Brief descriptive captions:
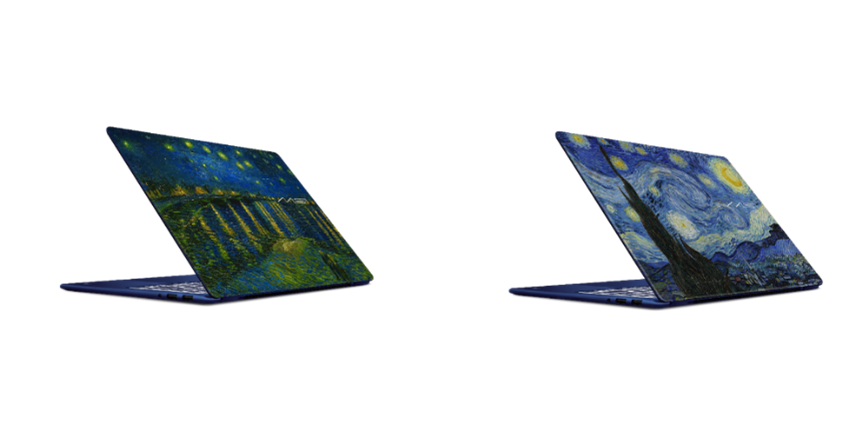 MSI Prestige 14 Flip AI+ Vincent van Gogh Edition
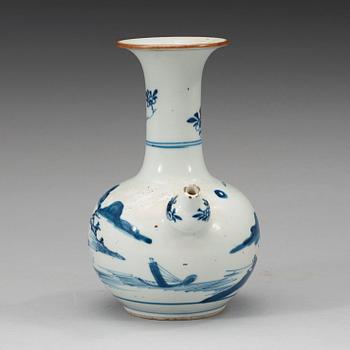 KENDI, porslin. Qing dynastin, ca 1800.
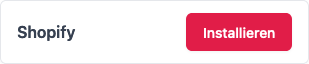 Install the Shopify integration from the marketplace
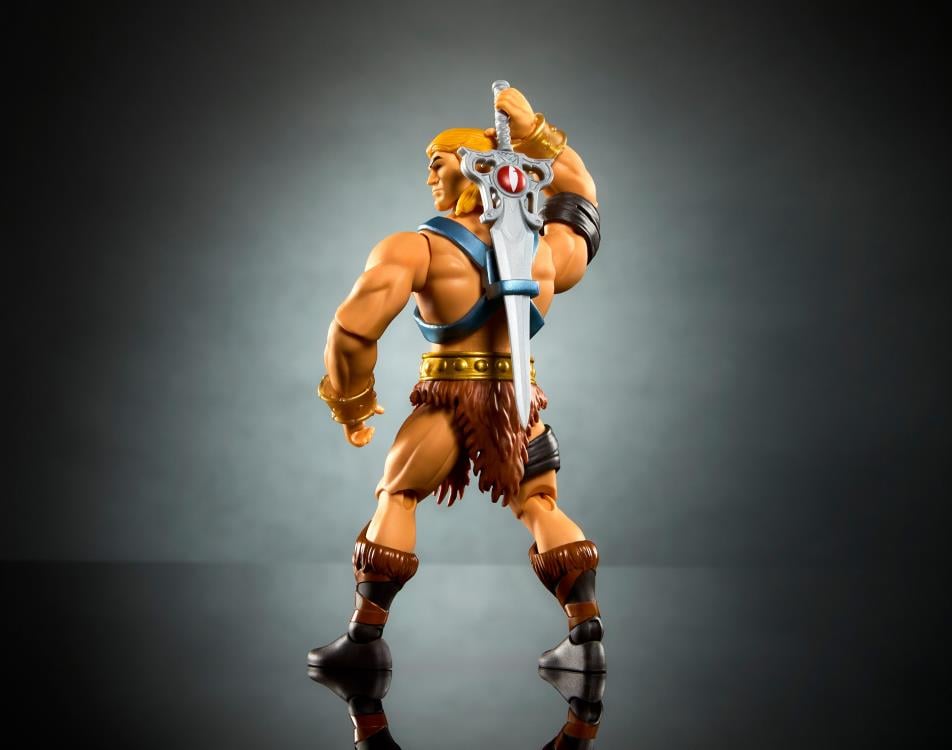Masters of the Universe x ThunderCats Origins He-Man Action Figure Gallery Image 9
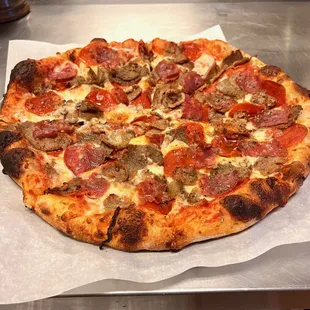 Goomba Pizza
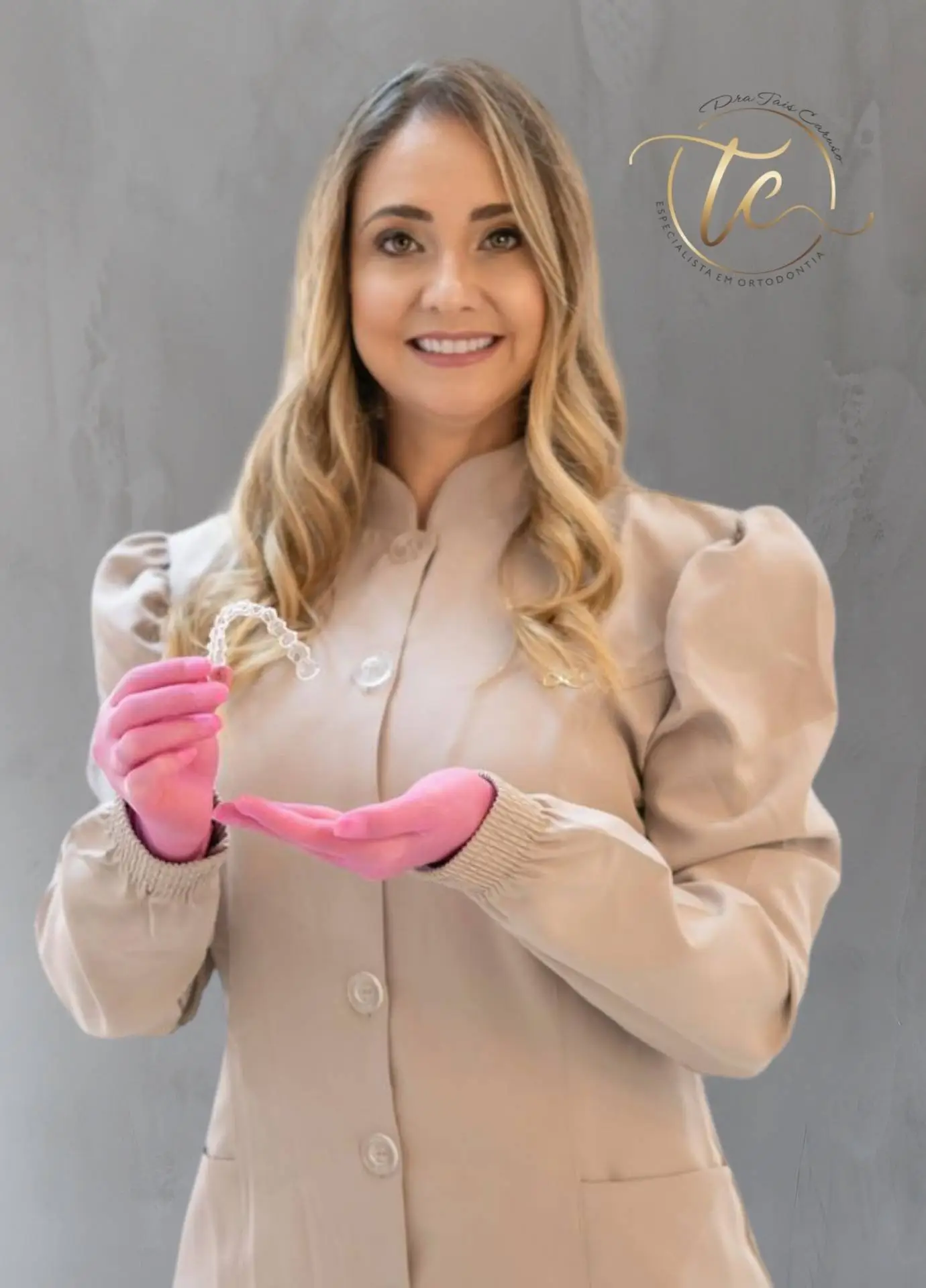 ortodontista serra negra invisalign dra tais caruso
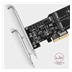 AXAGON PCES-SA4M2, PCIe řadič - 2x interní SATA 6G port + 2x SATA M.2 slot, ASM1164, SP & LP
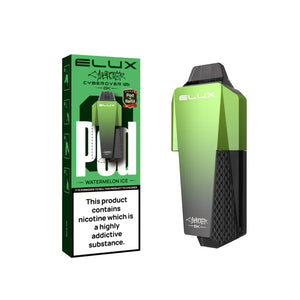 Elux Cyberover 6K Refill Pods for the Elux Cyberover Prefilled Pod Vape Kit - Watermelon Ice Flavour 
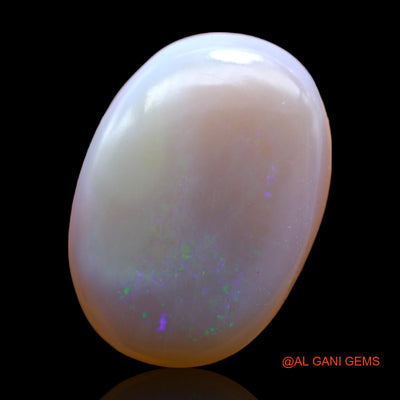 15.00 Cts Natural Australian Fire Opal Oval Cabochon Loose Gemstone For Jewelry 23x16x5 mm AB-252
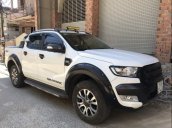 Bán Ford Ranger Wildtrak 3.2 2016, màu trắng, nhập khẩu  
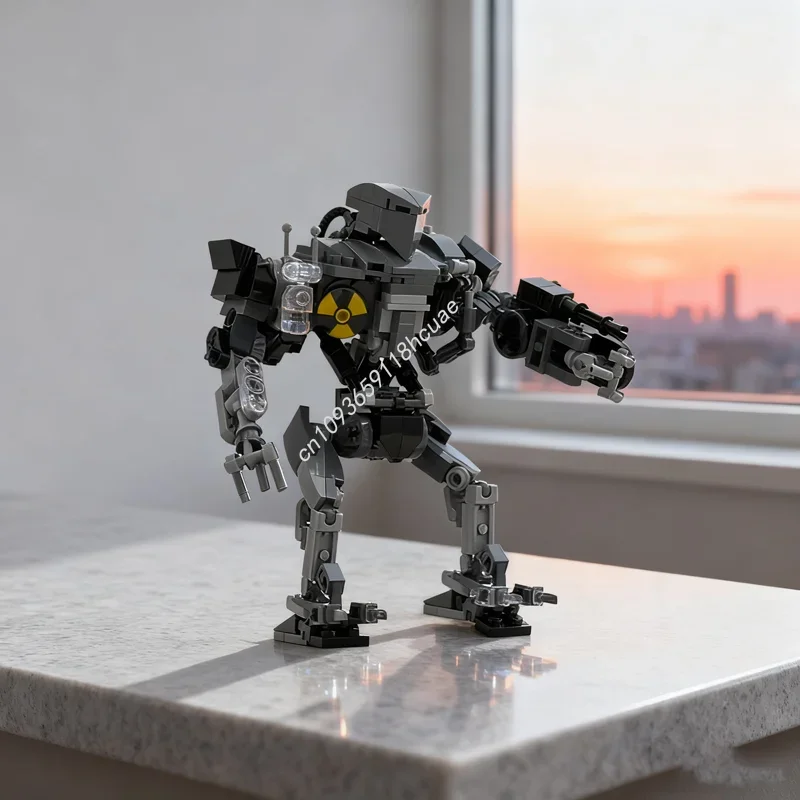 263 pz MOC RoboCAIN RoboCop 2  - Model Kit Robocop recensione e prezzo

Goal of the exercise: The copy you produce must match the entries above exactly, except that it has no pictures.

Answer section:
 MSI Prestige 14 Flip AI+ Vincent van Gogh Edition
 KENDI, porslin. Qing dynastin, ca 1800.
 Install the Shopify integration from the marketplace
Masters of the Universe x ThunderCats Origins He-Man Action Figure Gallery Image 9
 Goomba Pizza
 ortodontista serra negra invisalign dra tais caruso
 AXAGON PCES-SA4M2, PCIe řadič - 2x interní SATA 6G port + 2x SATA M.2 slot, ASM1164, SP & LP
 Elux Cyberover 6K Refill Pods for the Elux Cyberover Prefilled Pod Vape Kit - Watermelon Ice Flavour 
 15.00 Cts Natural Australian Fire Opal Oval Cabochon Loose Gemstone For Jewelry 23x16x5 mm AB-252
 Bán Ford Ranger Wildtrak 3.2 2016, màu trắng, nhập khẩu  
 263 pz MOC RoboCAIN RoboCop 2  - Model Kit Robocop recensione e prezzo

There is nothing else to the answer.